Comment Re:Surprising (Score 1) 243
Modern society wants to categorize everything, even the various minutia of a given category have names for everything. As such, even if we take a single point (murder) and decide that some cases warrant different punishment (sentence scaling) then we've turned a simple thing like m^0 into m^1, and even if society can avoid breaking m^1 down into a calculus problem to assign punishments, there will inevitably be someone who looks at direction of intent to harm and the interplay between it. Even if we can accept that this turns m^1 into m^2 by virtue of this still-analogous system, people will want to break analog into digital, as a 'fuzzy' line can get people into more (or less!) trouble than should be if there is bias in the judge(s).
That's how a 'simple' act such as murder can be analyzed and go from a single point (biblical thou shalt not kill) to a graphical plane that's still imprecise to measure. Not so simple, even if many of these dimensions were interchangeable to other crimes, do we argue for hard-line sentence modification on the intent scale, or should the scale be relative to the perceived 'severity' of the crime? (there's m^3 - emotional responses to 'gruesome' murders) People, in general, think better with explicit rules than with multiple dimensions in their heads, so the current system of writing laws explicitly is the best they can come up with.

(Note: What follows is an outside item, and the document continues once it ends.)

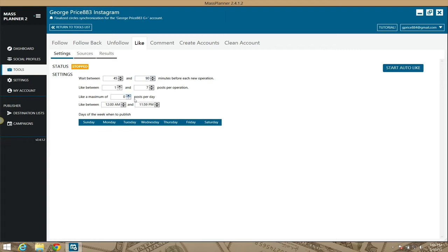These settings here, I haven't really tweaked them or done anything with them yet on my end because I haven't really done the liking portion. That's something I'm going to get into.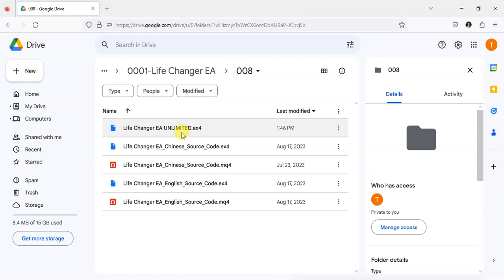You can download all these Expert Advisors from my Google Drive.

Also, it should be noted that overcoming individual bias is easy, overcoming social bias within a social system is nearly impossible in the context of a society. If the society has access to affect change in laws, laws will reflect the bias of the people making those changes. (but not everyone - abstinence-only-education anyone?) Overcoming social bias in a jury might happen if you can somehow systematically get 12 people to discuss and agree on verdict without facilitating groupthink. Something this current system is terrible at doing.